She was completely unfazed. "Are you on a job?"

"My dear Russell, those Americanisms of yours, how they grate on the ear. 'On a job.' No, I am not occupied with a case, Russell, merely working at the maintenance of old skills."

She smiled, "Are you having fun?"

"'Having fun?'" The question irritated him under the circumstances. He rarely pursued any activity for mere pleasure, other than attending the occasional concert; he could hardly describe the present situation as enjoyable.

Russ seemed unperturbed by his reaction. "Very well: are you enjoying yourself?" she rephrased the question good-naturedly.

He looked at her for a long moment. "I might ask the same of you, Russell," he finally said to avoid a direct response.

She leaned back and relaxed as much as was possible in the small seat. "Yes. As a matter of fact, I am enjoying myself, Holmes, very much, thank you."

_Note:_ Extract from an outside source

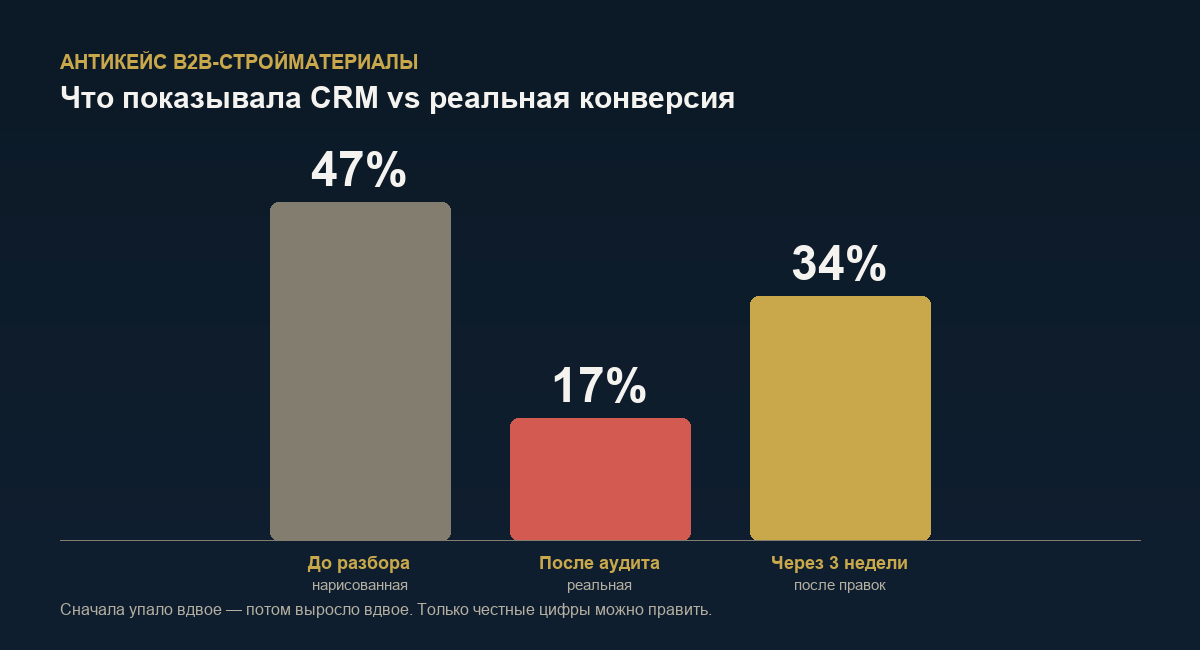 Диаграмма было/стало по конверсии - 47% нарисованной vs 17% реальной vs 34% после правок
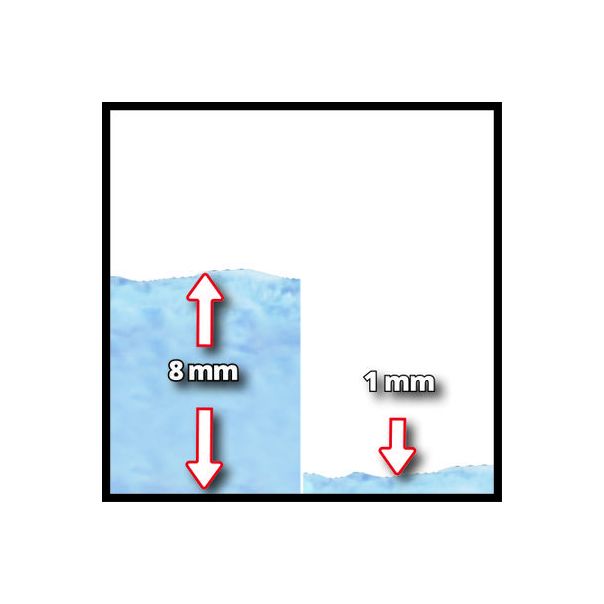 EINHELL Potopna pumpa GC-SP 3580 LL - 4170445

Her enthusiasm was disconcerting, and he could think of no suitable reply. They rode in silence while he contemplated his inclination to take issue with everything she said tonight. It certainly was not conducive to assessing her attitude toward marrying him. He could only hope she would attribute his irritability to something else.

Russ broke the silence, and he noticed that she had been studying his hands as they handled the reins on the fractious horse. "Holmes, do you find that the cold on a clear night exacerbates you rheumatism as much as the cold of a foggy night?"

The question brought his hackles up. He despised weakness in himself and any reference to such, and his relationship with her was proving to be one of the most potentially crippling weaknesses of his life. His instinctive reaction was to counterattack, seizing the topic that was uppermost in his mind.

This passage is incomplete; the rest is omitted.